■ **Directions**
Retype the records below from their first line through the line holding "Designer Elegant Christmas", including both ends and no pictures.
+++
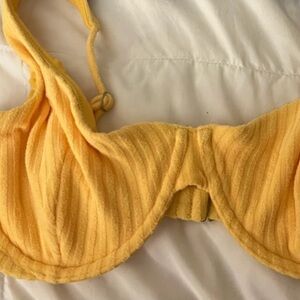 Abercrombie Yellow Bikini Top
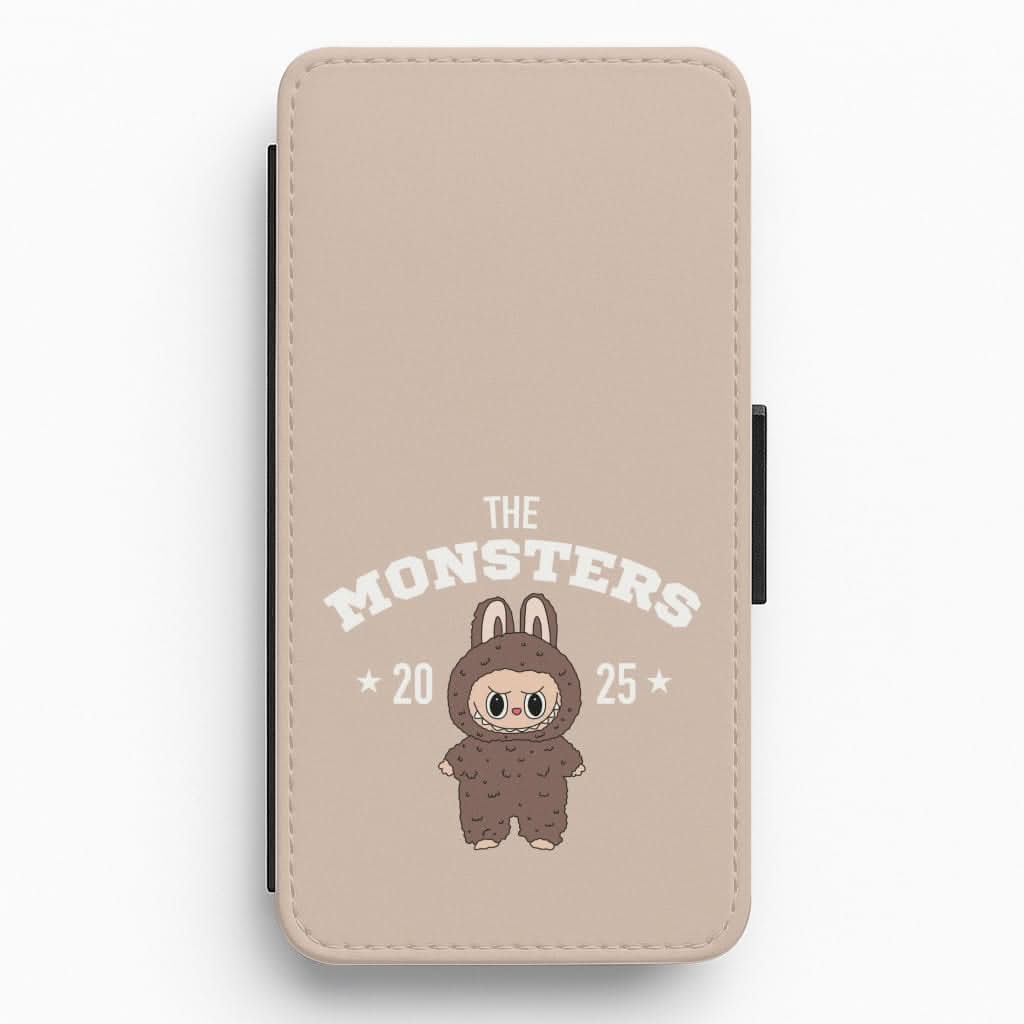 Cute Monster 2025 Biege Flip / Wallet Phone Case
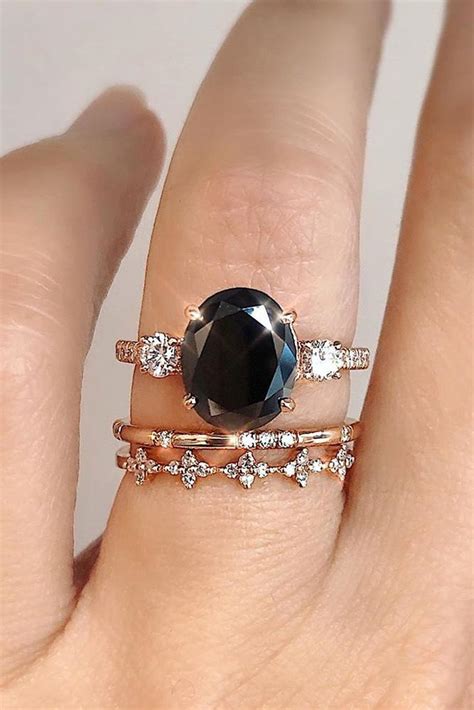 24 Unique And Trendy Black Diamond Engagement Rings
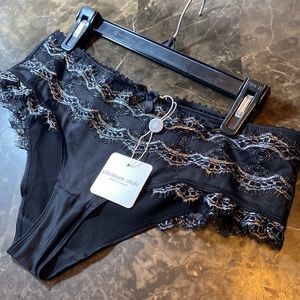 NWT cheeky panties w/ swarovski crystals: Pleasure State White Label-black-large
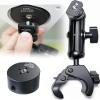 Upgraded, ORLNK Starlink Mini Mount (Anti-Twist Pin Lock) Ladder Roof Rail Pole Mounting Kit for RV Camper Boat Guardrails, with Adjustable Clamp, New Adapter | SLM-C1 view 1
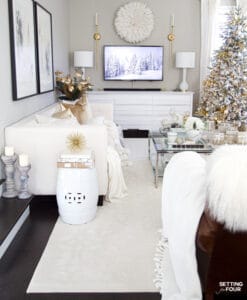 Designer Elegant Christmas Living Room Decor Ideas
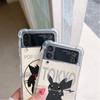 Luxushülle für Samsung Galaxy Z Flip 3 4 5G Funda Z Flip3 Klare PC Hart Stoßfeste Rückseite Handy Coque Hülle Pokemon Niedliches Anime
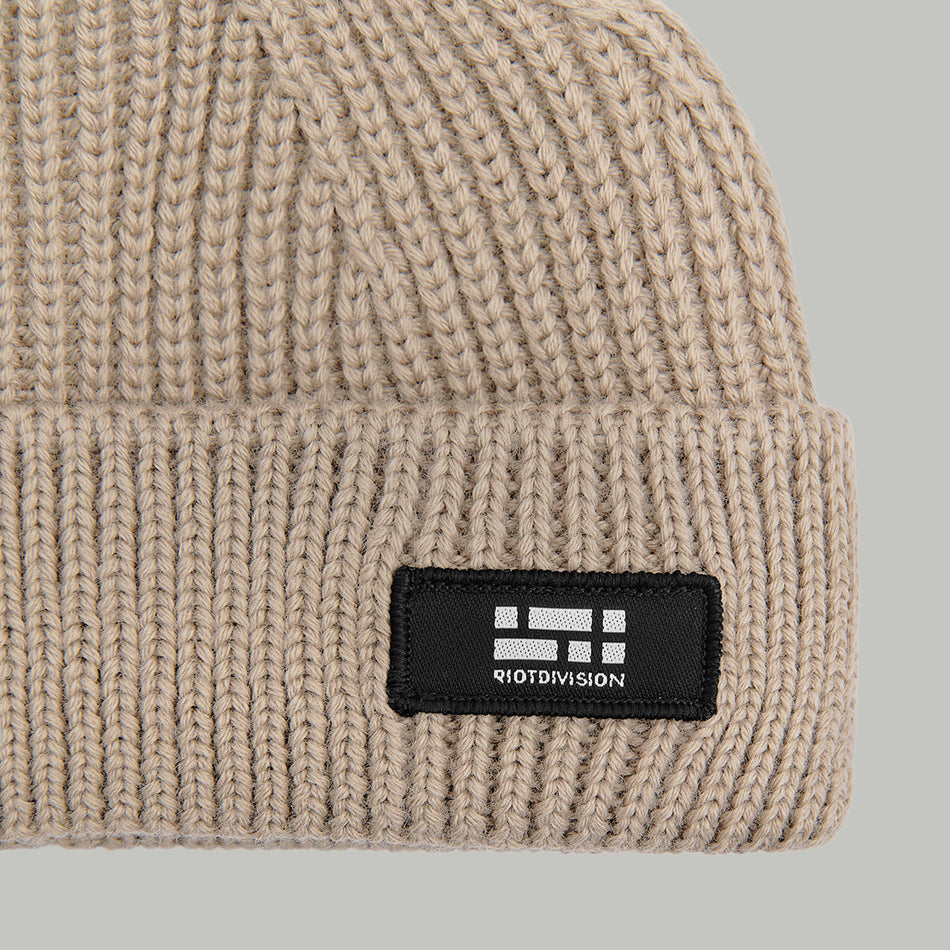 Hat "Merino Short Beanie Hat Morse Code Logo"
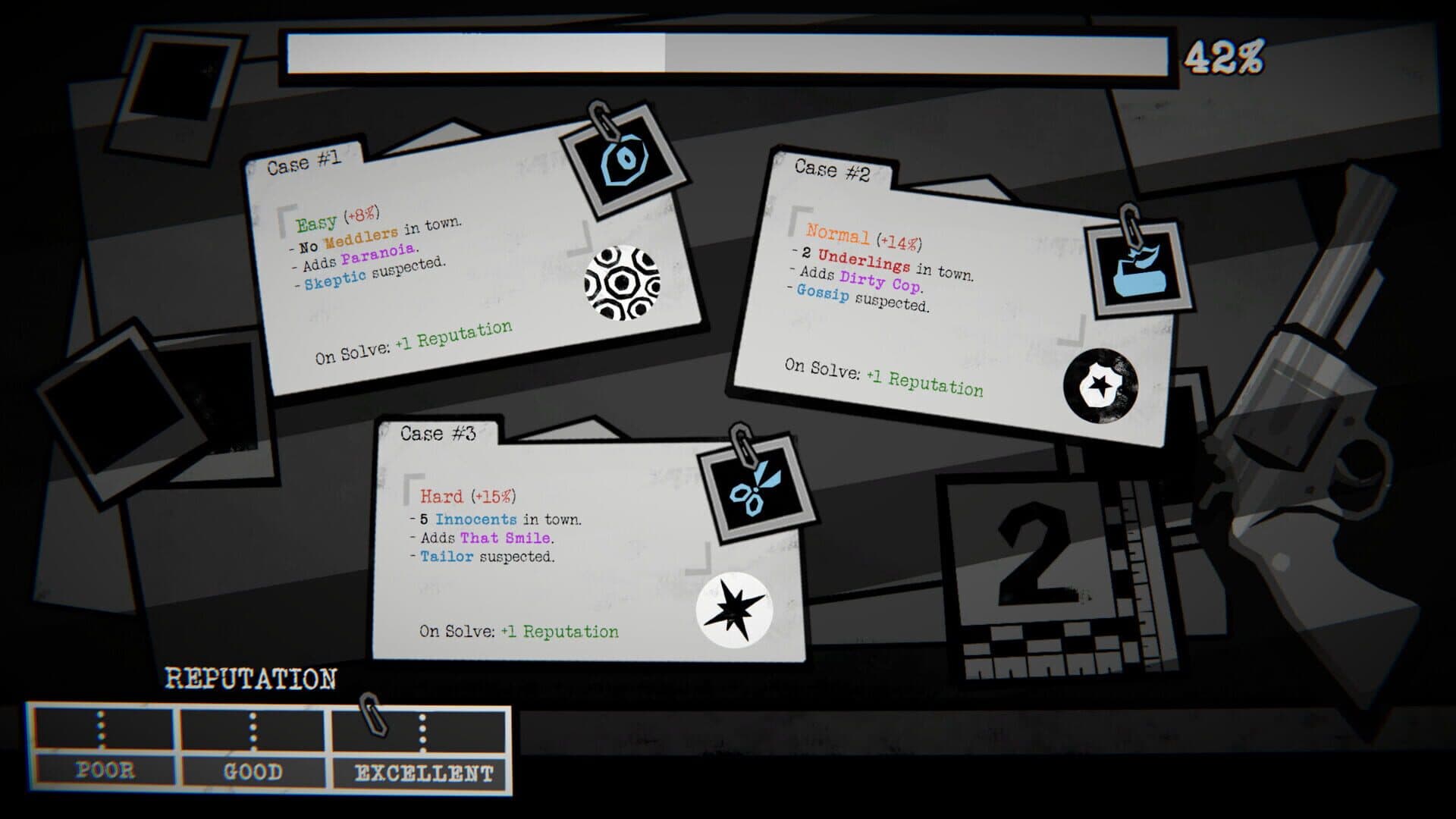 Screenshot for Dupery: A Game of Solo Deduction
+++
■ **Reply to the task**
 Abercrombie Yellow Bikini Top
 Cute Monster 2025 Biege Flip / Wallet Phone Case
 24 Unique And Trendy Black Diamond Engagement Rings
 NWT cheeky panties w/ swarovski crystals: Pleasure State White Label-black-large
 Upgraded, ORLNK Starlink Mini Mount (Anti-Twist Pin Lock) Ladder Roof Rail Pole Mounting Kit for RV Camper Boat Guardrails, with Adjustable Clamp, New Adapter | SLM-C1 view 1
 Designer Elegant Christmas Living Room Decor Ideas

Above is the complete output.